On Wednesday, the Ninth Circuit Court of Appeals put on hold the decision ordering the military to allow gay people to serve openly in the U.S. armed forces, but the stay isn't a decision to overrule that order. It's not even a decision to let the "Don't Ask Don't Tell" policy to stay in effect until the court decides whether or not to overrule the order.

The court's action was simply intended to give the it time to fully consider the issues. Reflecting this narrow purpose and the urgency of the issue, the order gives the Log Cabin Republicans, the group suing to overturn the policy, only until Monday to argue against leaving the policy in place during the appeal. The federal government won't get its customary chance to rebut any such arguments: It had its say when it asked for the emergency stay.

And some of the government's "say" is worth delving into for its hypocrisy and irrelevance. Notably, the government claims at length that it is against Don't Ask, Don't Tell, and wants it repealed -- eventually -- even as it argues that it will suffer irreparable injury if it gets repealed by the courts now. One alleged source of injury is the fact that changing the policy will force the military to change many other policies immediately that it really needs months to fix, such as "benefits, re-accession, military equal opportunity, anti-harassment, and others."

Really? Why does whether or not a soldier admits to his comrades that he is gay necessarily impact his benefits? If the government wants to extend consider extending benefits to gay partners, it can, but it needn't do so before gay soldiers speak. Indeed, the government, like most employers, could employ openly gay people without giving their partners benefits.

And what's so hard about changing equal opportunity and anti-harassment policies? It's not as if the military needs to invent anything new: Those wheels were fashioned long ago. Many private and public employers that don't prohibit discrimination on the basis of sexual orientation successfully employ openly gay workers, so it's hard to understand why changing those policies must precede or even happen simultaneously with the repealing of Don't Ask Don't Tell. As for re-accession -- i.e., re-enlistment -- what is there to change in those policies that can't be figured out after being openly gay is no longer a barrier to service?

Let's Hear it for Military Discipline


Another set of the government's arguments boils down to this: The military needs to do "careful planning", accomplish a "thorough and deliberate assessment of how best to accomplish a successful transition in policy", and the like.

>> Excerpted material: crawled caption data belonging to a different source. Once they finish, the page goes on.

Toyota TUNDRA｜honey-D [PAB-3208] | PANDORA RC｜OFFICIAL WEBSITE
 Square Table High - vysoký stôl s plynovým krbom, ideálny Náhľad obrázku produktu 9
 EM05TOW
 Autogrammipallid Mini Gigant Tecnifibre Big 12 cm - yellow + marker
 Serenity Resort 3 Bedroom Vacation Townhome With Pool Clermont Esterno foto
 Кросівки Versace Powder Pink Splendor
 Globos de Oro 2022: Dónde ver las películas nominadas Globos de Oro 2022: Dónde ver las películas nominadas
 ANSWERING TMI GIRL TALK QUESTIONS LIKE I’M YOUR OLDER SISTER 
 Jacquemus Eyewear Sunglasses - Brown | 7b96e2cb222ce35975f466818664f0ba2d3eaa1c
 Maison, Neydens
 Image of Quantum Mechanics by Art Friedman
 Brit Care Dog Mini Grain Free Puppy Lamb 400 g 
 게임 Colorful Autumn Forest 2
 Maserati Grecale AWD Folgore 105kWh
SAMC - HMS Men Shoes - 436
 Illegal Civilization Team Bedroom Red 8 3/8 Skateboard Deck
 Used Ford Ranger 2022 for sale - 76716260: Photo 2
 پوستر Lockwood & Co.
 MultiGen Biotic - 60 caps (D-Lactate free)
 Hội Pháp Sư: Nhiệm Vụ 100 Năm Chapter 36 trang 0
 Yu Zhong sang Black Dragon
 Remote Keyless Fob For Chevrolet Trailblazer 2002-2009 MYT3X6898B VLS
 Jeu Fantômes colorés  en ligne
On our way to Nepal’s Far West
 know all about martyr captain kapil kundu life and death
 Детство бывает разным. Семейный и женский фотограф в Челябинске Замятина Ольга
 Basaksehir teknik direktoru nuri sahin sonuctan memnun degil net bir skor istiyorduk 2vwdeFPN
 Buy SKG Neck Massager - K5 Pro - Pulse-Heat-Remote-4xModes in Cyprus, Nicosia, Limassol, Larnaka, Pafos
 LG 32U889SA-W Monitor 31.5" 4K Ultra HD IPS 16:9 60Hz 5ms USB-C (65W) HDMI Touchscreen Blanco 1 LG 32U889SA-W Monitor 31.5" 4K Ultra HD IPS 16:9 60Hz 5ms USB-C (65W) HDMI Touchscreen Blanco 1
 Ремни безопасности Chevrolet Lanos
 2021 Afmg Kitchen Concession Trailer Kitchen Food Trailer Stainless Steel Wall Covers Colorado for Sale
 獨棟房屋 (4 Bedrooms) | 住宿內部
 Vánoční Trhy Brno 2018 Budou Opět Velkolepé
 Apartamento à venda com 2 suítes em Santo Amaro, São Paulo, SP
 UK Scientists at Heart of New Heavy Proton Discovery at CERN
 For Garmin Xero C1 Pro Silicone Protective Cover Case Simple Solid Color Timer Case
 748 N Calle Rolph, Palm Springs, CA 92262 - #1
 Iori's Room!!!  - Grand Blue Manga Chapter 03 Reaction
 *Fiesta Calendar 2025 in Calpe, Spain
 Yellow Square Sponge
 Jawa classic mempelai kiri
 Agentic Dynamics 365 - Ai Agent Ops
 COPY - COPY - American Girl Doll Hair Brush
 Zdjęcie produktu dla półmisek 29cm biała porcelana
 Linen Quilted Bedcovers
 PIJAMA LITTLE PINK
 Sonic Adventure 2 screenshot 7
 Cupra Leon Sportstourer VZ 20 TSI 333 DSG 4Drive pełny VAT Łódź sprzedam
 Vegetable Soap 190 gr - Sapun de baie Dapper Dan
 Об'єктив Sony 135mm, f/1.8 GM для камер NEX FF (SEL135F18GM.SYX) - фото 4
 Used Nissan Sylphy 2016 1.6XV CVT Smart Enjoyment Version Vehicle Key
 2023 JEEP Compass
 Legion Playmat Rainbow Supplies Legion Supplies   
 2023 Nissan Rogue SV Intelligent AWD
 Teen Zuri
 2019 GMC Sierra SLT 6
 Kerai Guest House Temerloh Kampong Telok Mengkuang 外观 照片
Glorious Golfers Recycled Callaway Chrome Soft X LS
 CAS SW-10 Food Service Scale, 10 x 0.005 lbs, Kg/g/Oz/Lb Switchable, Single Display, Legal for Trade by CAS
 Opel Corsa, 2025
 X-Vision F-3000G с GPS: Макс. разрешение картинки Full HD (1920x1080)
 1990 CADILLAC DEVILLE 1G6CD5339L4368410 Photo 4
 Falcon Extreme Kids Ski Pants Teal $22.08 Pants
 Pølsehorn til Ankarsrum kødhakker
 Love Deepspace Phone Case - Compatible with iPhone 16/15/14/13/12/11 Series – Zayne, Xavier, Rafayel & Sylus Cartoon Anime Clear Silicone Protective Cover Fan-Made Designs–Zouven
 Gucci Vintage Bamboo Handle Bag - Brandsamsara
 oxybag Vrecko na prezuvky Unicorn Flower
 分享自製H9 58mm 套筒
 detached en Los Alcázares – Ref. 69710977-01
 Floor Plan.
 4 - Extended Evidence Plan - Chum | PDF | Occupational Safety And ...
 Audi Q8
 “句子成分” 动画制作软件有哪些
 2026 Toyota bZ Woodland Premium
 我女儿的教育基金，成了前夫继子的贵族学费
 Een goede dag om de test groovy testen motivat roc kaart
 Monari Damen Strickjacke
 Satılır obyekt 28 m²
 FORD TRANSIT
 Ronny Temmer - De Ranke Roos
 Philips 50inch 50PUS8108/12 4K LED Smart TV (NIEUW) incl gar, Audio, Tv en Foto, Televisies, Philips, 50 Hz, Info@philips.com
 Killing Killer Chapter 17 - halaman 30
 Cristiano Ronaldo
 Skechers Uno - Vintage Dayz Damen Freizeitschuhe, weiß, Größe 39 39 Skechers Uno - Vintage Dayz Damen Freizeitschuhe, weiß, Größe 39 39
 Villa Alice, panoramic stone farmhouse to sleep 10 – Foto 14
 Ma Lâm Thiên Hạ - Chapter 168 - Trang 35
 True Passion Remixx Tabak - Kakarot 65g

But wait a second. This is the military we're talking about, an organization we rightfully boast of as being extremely professional and disciplined. The military accomplishes things today the same way it has since its inception: by giving and enforcing orders. I have faith that the U.S. officer corps is sufficiently competent to figure out how to order its soldiers to behave professionally and focus on defeating our enemies in the company of gay people, some of whom they had already fought alongside while theoretically ignorant of their sexual orientation. Similarly I have faith that our service members are sufficiently competent to be able to obey such orders.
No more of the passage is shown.